Questo è il principio scritto nella norma ed è chiaro, ma i militari sanno quali peripezie spesso si trovano ad affrontare quando chiedono l'assegnazione definitiva ad un reparto allo scadere dell'assegnazione temporanea (leggi anche: "Forze Armate: trasferimento temporaneo e definitivo").

Specie quando il problema è serio, quale può essere quello di una madre separata e collocataria di due figli minori la quale, trasferita temporaneamente presso una città, chieda di restarvi definitivamente per proseguire la cura del nucleo familiare.
I problemi nascono quando l'amministrazione non risponde alle istanze che vengono rivolte.

Spesso queste istanze vengono sistematicamente ripetute per mettere in risalto la gravità e l'urgenza del problema da risolvere, senza che giunga però mai una qualsiasi risposta.

Va da se, quindi, che di fronte al silenzio l'unica difesa del militare è agire anche alla fine con il ricorso.

Nel caso trattato con la sentenza in commento, la ricorrente ne ha provate di tutte:

1) istanza di conferimento con il Capo di Stato Maggiore, allegando istanza di assegnazione definitiva per gravi motivi familiare e documentazione a sostegno (durante il colloquio l'istanza non viene riscontrata),

2) altra istanza di assegnazione definitiva, questa volta il colloquio è con il Generale Comandante, ma anche qui senza esito,

3) istanza di conferimento (visto il silenzio dello Stato Maggiore Esercito) con Ministro della Difesa per motivi personali ed attinenti al servizio, anche questa senza risultato,

4) sospensione del procedimento per conferire con il Ministro e attivazione di una nota esplicativa della grave situazione da parte del Comandante, anche questa senza esito,

5) ennesima istanza di sollecito proposta dal militare, anche questa volta senza risposta,

6) infine ricorso al Tar, chiedendo un provvedimento espresso sulle singole richieste fatte.

Cosa accade in tribunale

Il ricorso viene accolto; le domande del militare sono qualificate come istanze di "trasferimento a richiesta".
La ricorrente invoca, in particolare, l'applicazione dell'art. 1039 comma 1 lettera "a" d.p.r. 90/2010 che stabilisce il termine di giorni 180 per la conclusione dei rispettivi procedimenti.
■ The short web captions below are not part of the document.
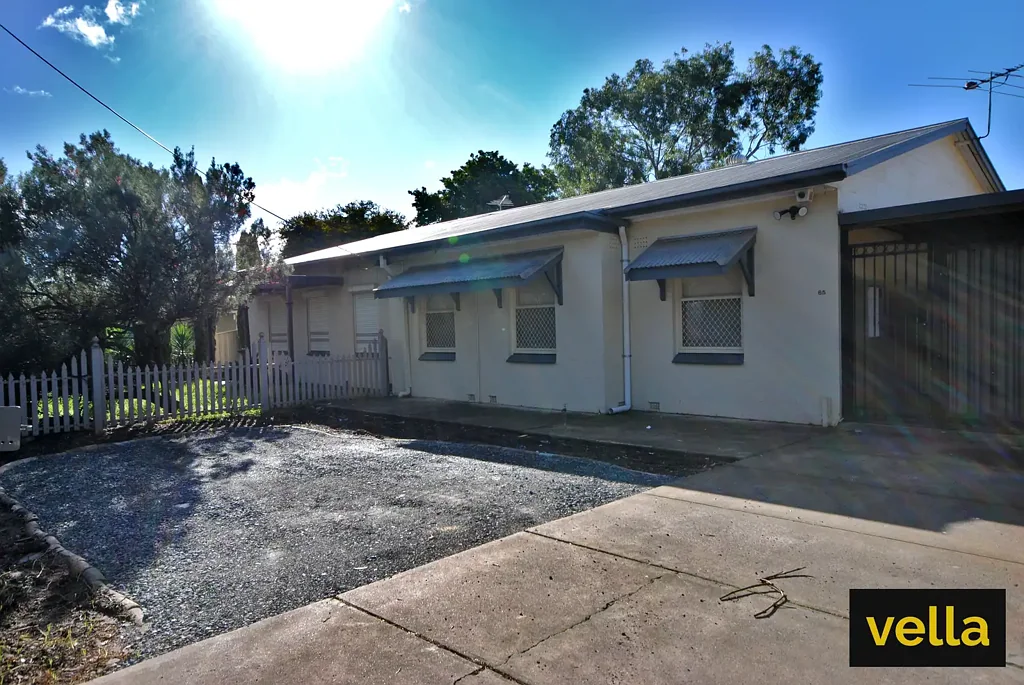 Don't miss your opportunity to secure this centrally located, solid brick home!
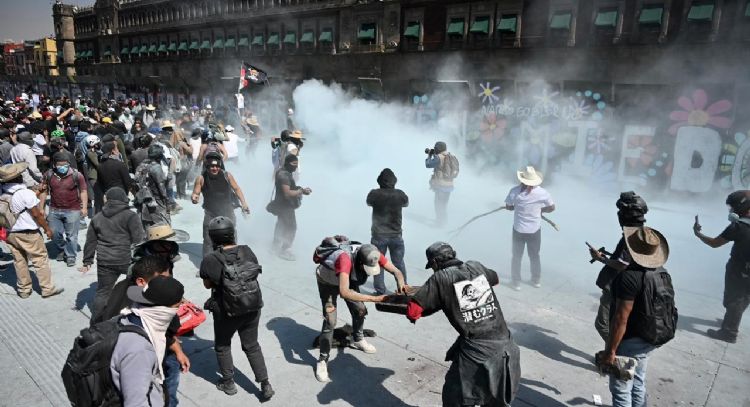 PRI brindará apoyo jurídico gratuito a detenidos durante marcha de la Generación Z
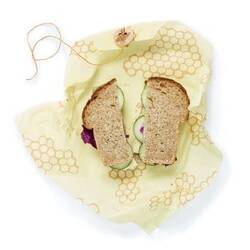 Bees wrap sandwich wrap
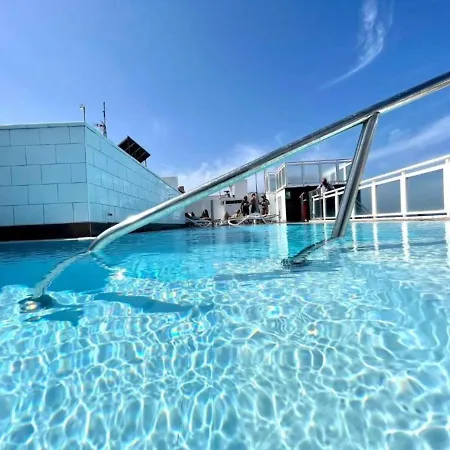 Apartment Estudio Pp Sin Balcon, Con Wifi Gratis, Centrico, Piscina En Puerto De La Cruz *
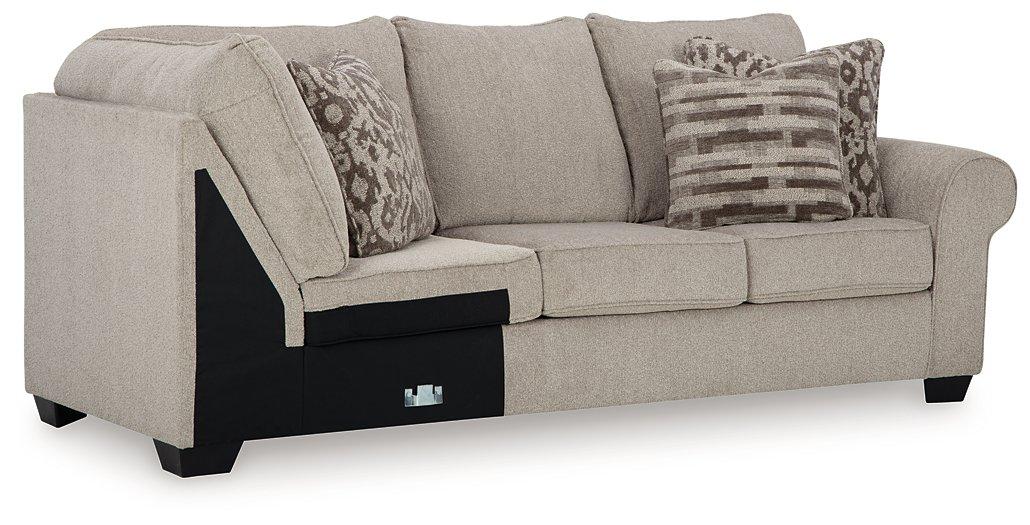 Claireah Sectional - Inland Furniture (San Bernardino, CA)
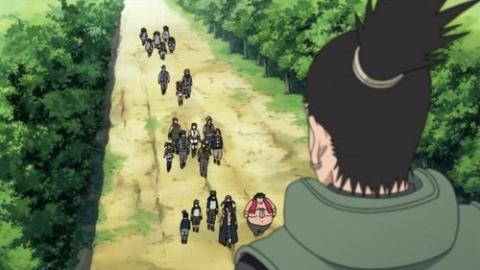 Épisode 395 – L’examen des Chûnin commence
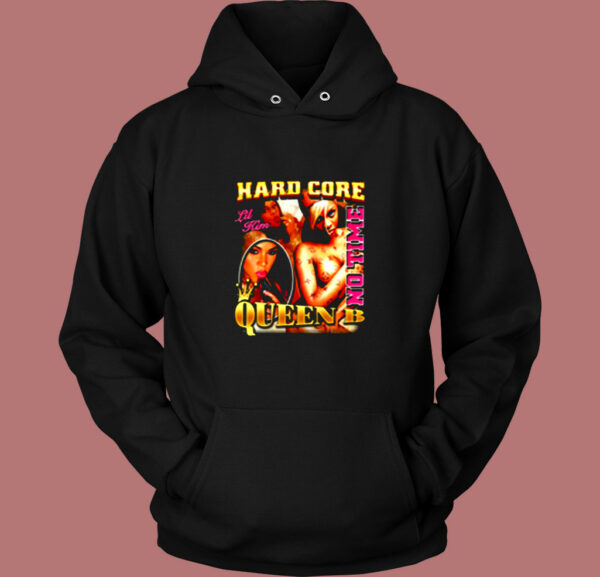 Lil Kim Rapper Poster Vintage Hoodie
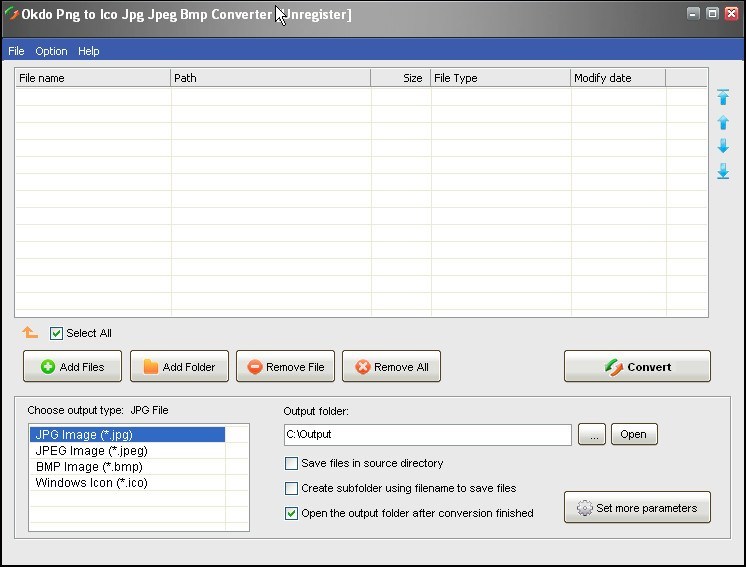 Okdo Png To Ico Jpg Jpeg Bmp Converter Download Enables To Batch Convert Png To Jpg Jpeg Bmp Ico Format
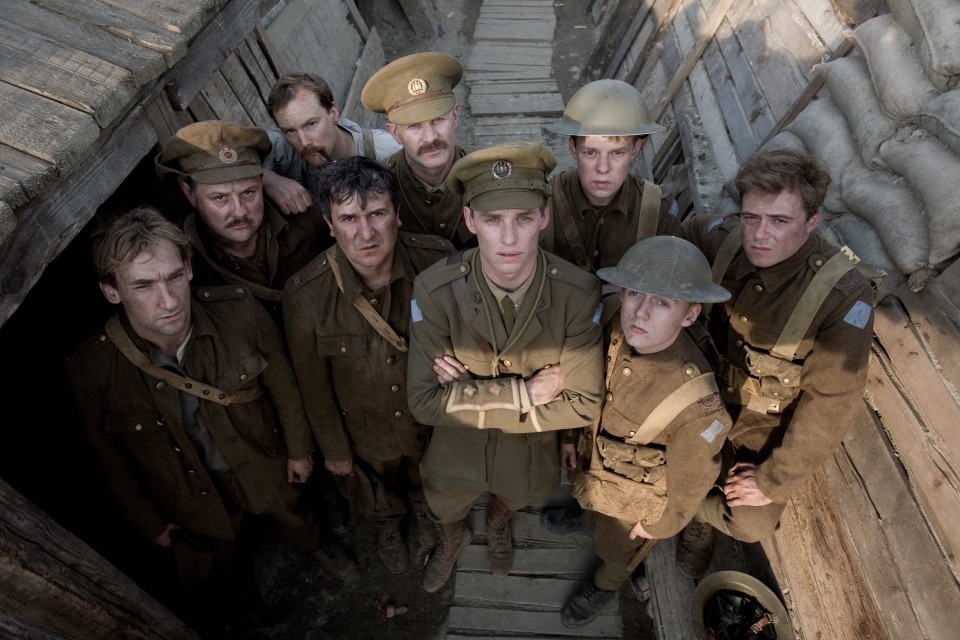 Still of Eddie Redmayne in Birdsong (2012)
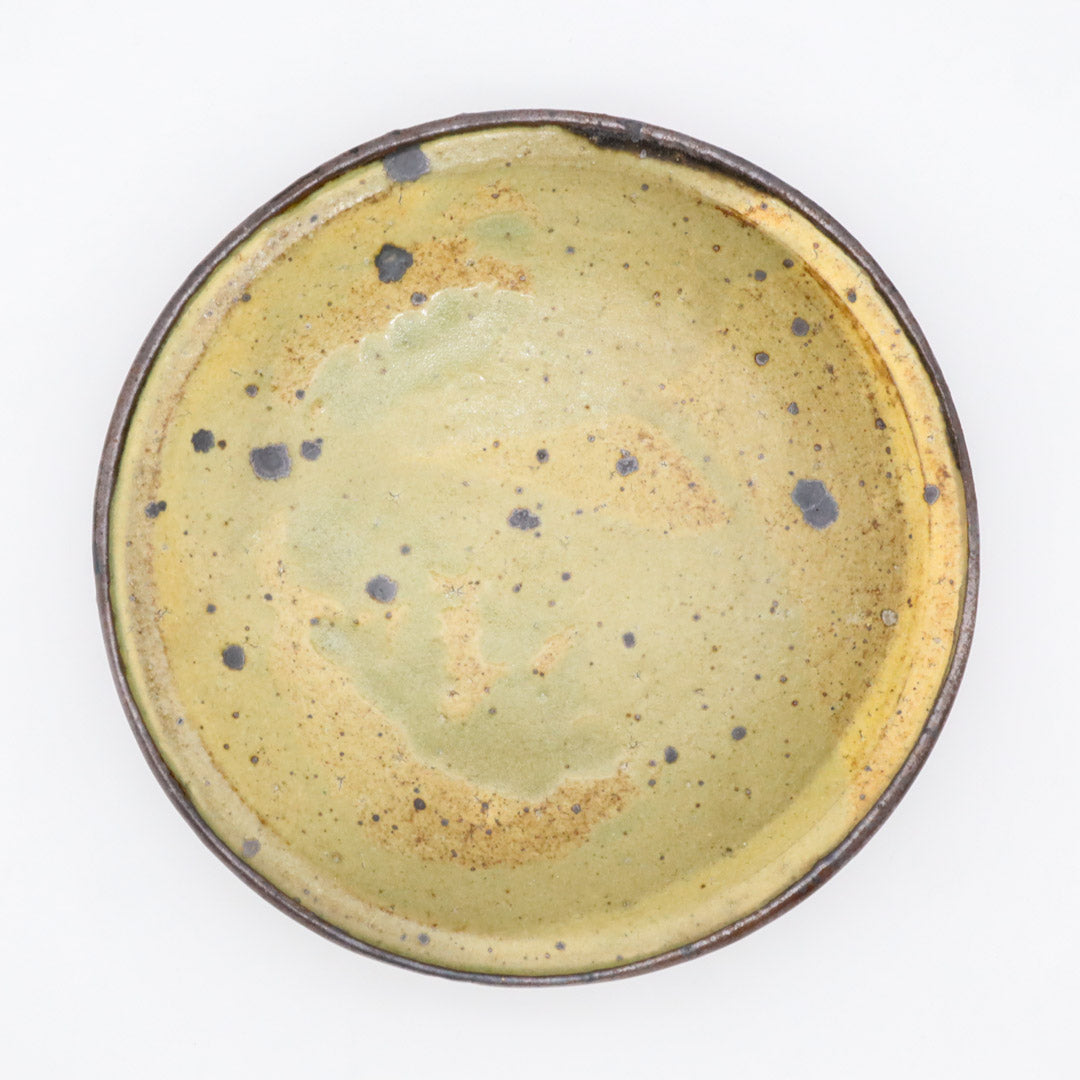 [Masaho Ono] Terayama glazed plate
Il Tar ritiene che nessun ostacolo si frappone all'accoglimento della domanda: il termine invocato è ritenuto applicabile al caso e la sua decorrenza è fatta coincidere con il momento in cui il militare ha concluso il suo conferimento, perché solo da quel momento egli ha potuto spiegare la propria situazione.

In sostanza, viste le audizioni succedutesi, entro 180 giorni decorrenti da quelle date i relativi procedimenti dovevano essere conclusi dall'amministrazione.
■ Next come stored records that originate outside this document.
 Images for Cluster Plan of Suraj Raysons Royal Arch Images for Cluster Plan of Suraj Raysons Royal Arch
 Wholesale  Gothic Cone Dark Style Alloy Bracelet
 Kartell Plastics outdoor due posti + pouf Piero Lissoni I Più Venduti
Si tratta infatti di procedimenti ad avvio obbligatorio con istanza di parte, come prescritto dall'art. 2 Legge n. 241/90.

La sentenza

Favorevole per il militare; la difesa ha proposto anche utili argomenti difensivi in tema di disapplicazione, ad esempio, della circolare P001 ed. 2014 Cap V capo III par. 10, nonché dell'allegato Alfa al messaggio n. 12583 del 22.12.2014.

Come comportarsi in casi simili

Affrontare con fiducia il ricorso, il cui risultato può giungere anche grazie alla nomina di un Commissario ad acta (soggetto interno all'amministrazione militare, visto il delicato equilibrio tra i contrapposti interessi in gioco) quando l'amministrazione persiste nell'inerzia.